After about five months of being a stay at home mom I returned to work, just to a different job. Not long into working where I’m at I started up a second job for myself that’s a little unexpected.
Due to the ungodly cost of child care, no matter where you go, I was left in a particularly strange position. Don’t go back to work at all, work my same job and pay all of my money to baby sitters (I mean all but $18 each week), or find a new job that I could work at night. Thoughts of letting down my boyfriend, my brother, my kids and myself with whatever I chose made me feel like nothing was the right decision. A good girlfriend doesn’t leave all the responsibility on her partners shoulders. A good sister doesn’t bail out of the family business. A good mom doesn’t miss dinner or tucking in her kids at night. Each thought tugged me into opposite directions, no matter what I chose to do I was bound to make the wrong decision in someone’s eyes.
I put my options down on paper with daunting lists of pros and cons and stared at them for nearly an hour. I worked it over in my head and the choice seemed clear, we’ll never move up if things stay the same. So now, I’m a stay at home mom and house keeper by day and a busy worker bee by night leaving little time to do anything else.
The stress of weighing important real life decisions can be a real downer and anxiety leaves me forever unsure what the best choice is or was or could be. My mind is a muddled puddle of half concocted and unnecessary thoughts.
I like my new job. It’s close to home and pays well. I work with food and talk to people. The people I work with are all friends and family which makes it even better.

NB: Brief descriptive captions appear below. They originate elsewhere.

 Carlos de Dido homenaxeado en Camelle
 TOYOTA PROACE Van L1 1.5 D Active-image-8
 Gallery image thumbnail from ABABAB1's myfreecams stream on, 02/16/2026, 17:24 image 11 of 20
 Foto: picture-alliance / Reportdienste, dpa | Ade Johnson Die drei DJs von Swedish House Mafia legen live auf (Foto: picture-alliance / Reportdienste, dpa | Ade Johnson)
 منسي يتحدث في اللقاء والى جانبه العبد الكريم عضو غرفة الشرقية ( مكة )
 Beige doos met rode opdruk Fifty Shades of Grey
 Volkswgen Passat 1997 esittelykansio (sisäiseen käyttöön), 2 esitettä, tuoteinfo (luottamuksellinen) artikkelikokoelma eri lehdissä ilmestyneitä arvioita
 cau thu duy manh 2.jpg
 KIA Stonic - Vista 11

My other job? The unexpected one… I am continuing one of the most important works I’ve ever started, and that’s myself. The summer before I fell in love with Curtis I worked on liking myself (my big feet, my wonky nose, the way I dress, the way my hair falls). I’m comfortable in my own skin now but I’ve come to see flaws in my attitude. I don’t apologize when I’m wrong (that’s something I’m getting better at). I have a short fuse and an Irish temper. It’s tough for me to make time for fun because I’ve taught myself that work and cleaning always have to come first. I am a pessimist, a bit of a narcissist, full of worry, full of anxiety, and I have a list of fears that would make a shut in point and laugh in my direction.
When I was little I thought I would have it all figured out by now, but even still at 24 I’m not done growing up. It’s not all cut and dry in adulthood like I once thought it would be.